Les Parlementaires, Honorables Députés et Vénérables Sénateurs confondus, ne devraient ni avoir d’autres fonctions rémunérées, ni exercer une activité privée, encore moins être membre du Conseil d’administration d’une entreprise privée ou publique.

Or, à mots couverts et en usant de circonlocutions énigmatiques et autres périphrases, le quotidien national L’Union du 14 mai 2009, en page 2, en désigne quelques uns.
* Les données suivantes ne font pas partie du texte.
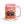 Massey Ferguson 3070 Autotronic Splash Art | 15 oz Mug with Color Inside - Pink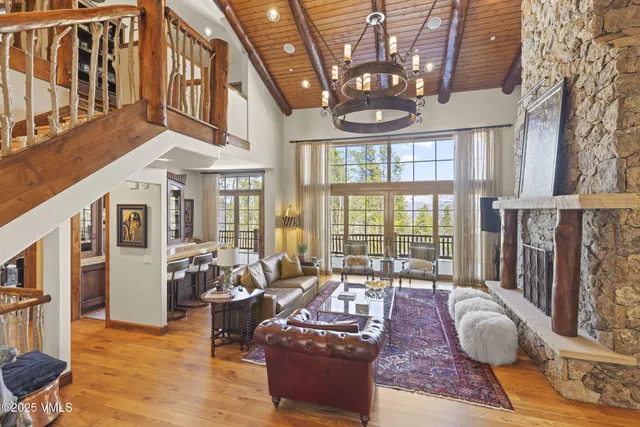 $5,995,000 | 317 Elk Woods Road, Edwards, CO 81632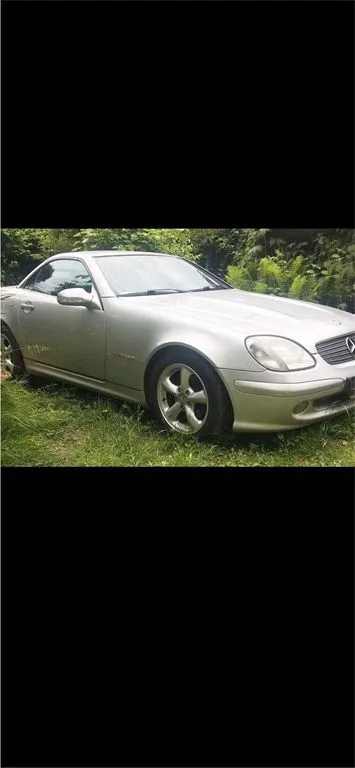 Mercedes-Benz SLK 200
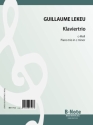 Klaviertrio c-Moll fr Klavier, Violine und Violoncello Partitur und Stimmen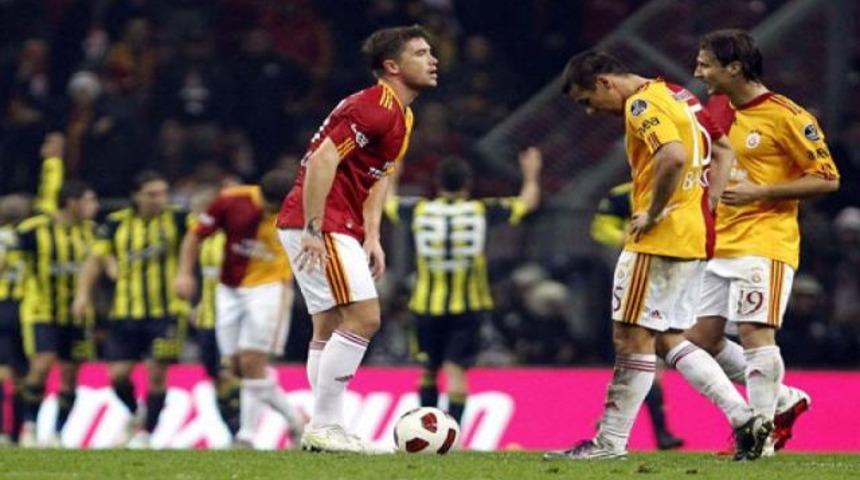 Galatasaray'da deprem!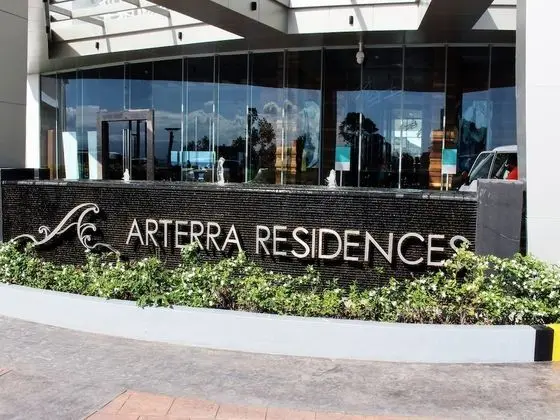 NAJIMA Residence And Resort Arterra 'AN' - Dış Mekan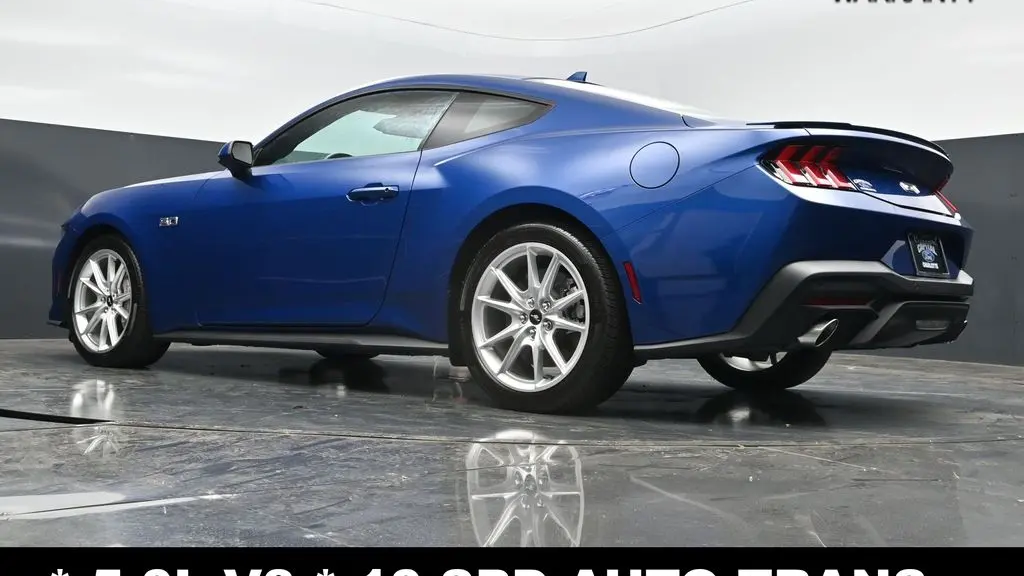 2024 Ford Mustang GT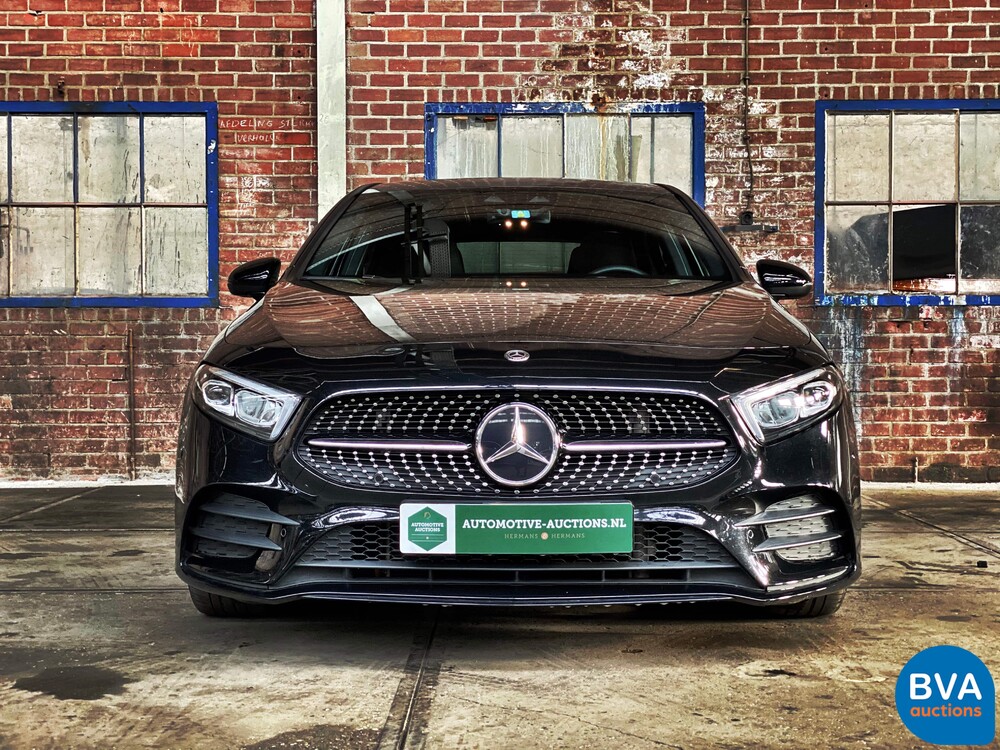 Mercedes-Benz A250 AMG 224 PS A-Klasse 2020 MY, ZV-271-J.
Aidez-moi à les identifier, et à résoudre ces devinettes :

1. PCA de Sogara ? « Un éminent juriste qui siège à l’Assemblée nationale et, qui plus est, dirige une formation politique de l’opposition » ;

2. PCA de la SNI ? « Un parlementaire fraichement élu » ;

3. Membre du CA de Comilog ? « Un ancien ministre devenu député de l’opposition » ;

4. PCA de BICIG ? « Un ancien ministre des Hydrocarbures » ;

5. PCA d’UGB ? « Un député et également ancien ministre » ;

6. PCA de Gabon Télécom ? « Une ancienne miniustre déléguée aujourd’hui député »;

7. PCA de Cimgabon ? « Un des vice-présidents du Sénat » .

Mais on est à Gabao où "le chien aboie, la caravane écrase " (devinez à qui appartient cette citation).